Here is my python code:

from azure.mgmt.datalake.analytics.job import DataLakeAnalyticsJobManagementClient

adlaJobClient = get_client_from_cli_profile(
    DataLakeAnalyticsJobManagementClient,
    adla_job_dns_suffix='azuredatalakeanalytics.net')

def submit_usql_job(script):
    job_id = str(uuid.uuid4())
    job_result = adlaJobClient.job.create(
        ADLA_ACCOUNT_NAME,
        job_id,
        JobInformation(
            name='Sample Job',
            type='USql',
            properties=USqlJobProperties(script=script)
        )
    )
    print("Submitted job ID '{}'".format(job_id))
    return job_id

Solution

  • Once compiled, the DLL file for your code behind can be serialized into hexadecimal string and then imported inline via a few extra lines of code. This avoids the need to separately upload and register the DLL.
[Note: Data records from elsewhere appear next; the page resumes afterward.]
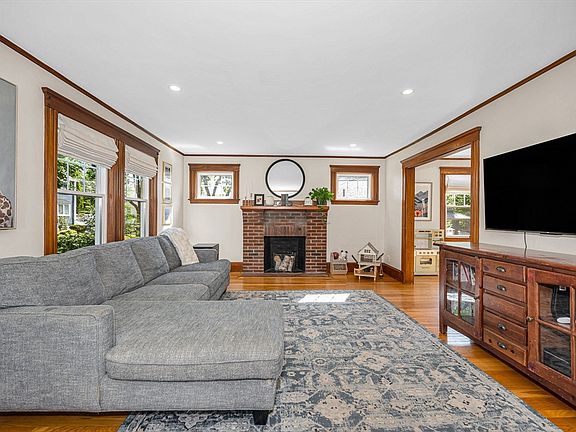 3rd image of 24 Pinevale Ave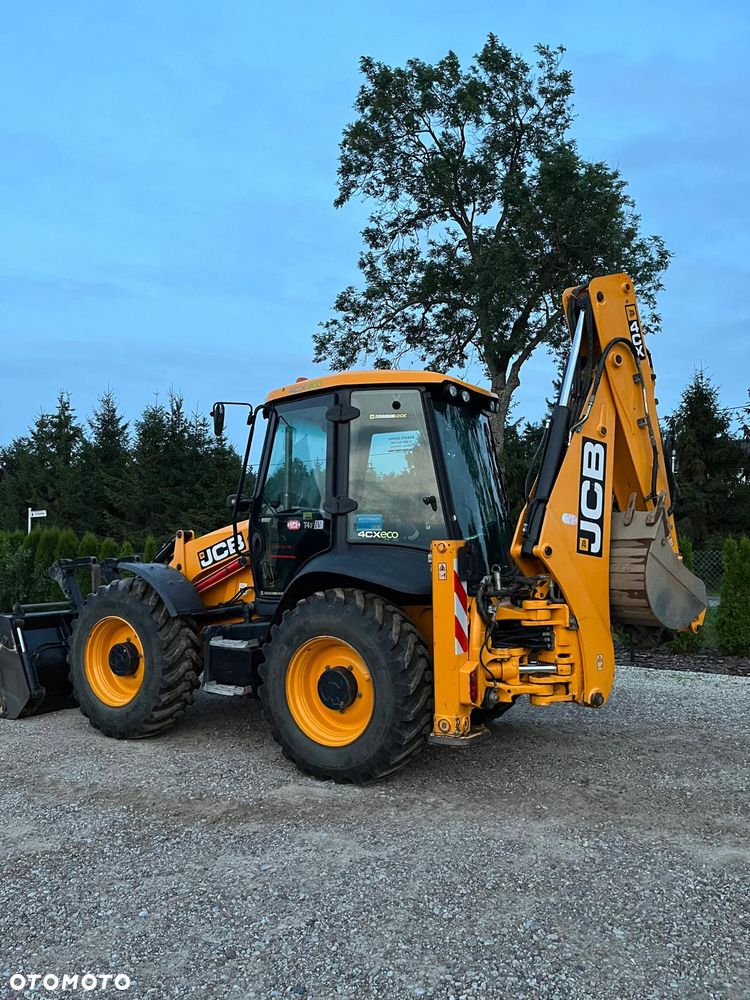JCB 4CX - 4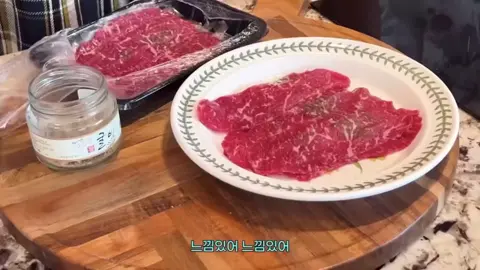 j-hope cooking with him mom 👩👨🐿  👨You're good? 🐿It's done. It's over 🐿Let's get it 🐿My favorite beef pancake 🐿Just put it in like this? 🐿Mom, are you slow? My son is getting ready quickly 👨I'm sorry~ 🐿Wow! It's so good ~He's a star..but at home, he's a son to his mother. #jhope# junghoseok #jhope 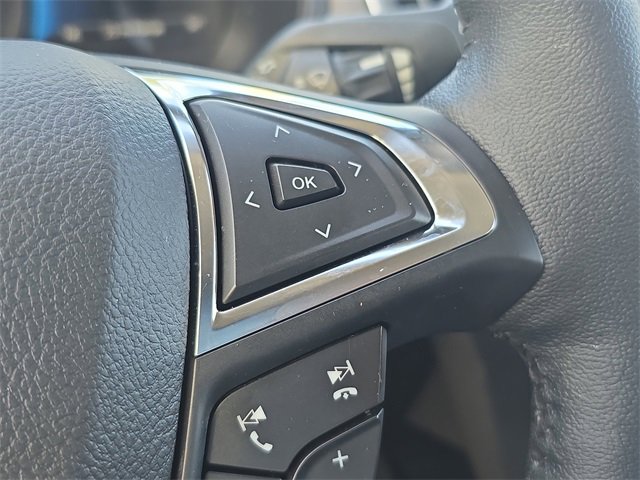 Used 2022 Ford Edge Titanium image 25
    CREATE ASSEMBLY [__TMP_inline_dll] FROM 0x4D5A900003000...;
    WITH ADDITIONAL_FILES = (0x2A543C... AS "__TMP_inline_dll.pdb");
    REFERENCE ASSEMBLY [__TMP_inline_dll];
    
    /* Your USQL Code Here... */
    
    DROP ASSEMBLY [__TMP_inline_dll];
    

    The files can be serialized to hexadecimal using this Python code:

    import binascii
    
    def get_file_hex_string(filepath: str):
        """Open file in binary mode and return as a hex string."""
        with open(filepath, 'rb') as f:
            hexdata = binascii.hexlify(f.read())
        return hexdata.upper()
    

    Notes:

    • The above assumes you have already compiled the dll.
    • This boilerplate code includes a pdb file noted as "additional" which should be optional.
    • The DROP ASSEMBLY statement at the end is needed to "clean up" the process afterwards, although I've been informed that in a future version of USQL this will no longer be necessary.
    • I received this method via the very helpful support team of the VS Code USQL add-in.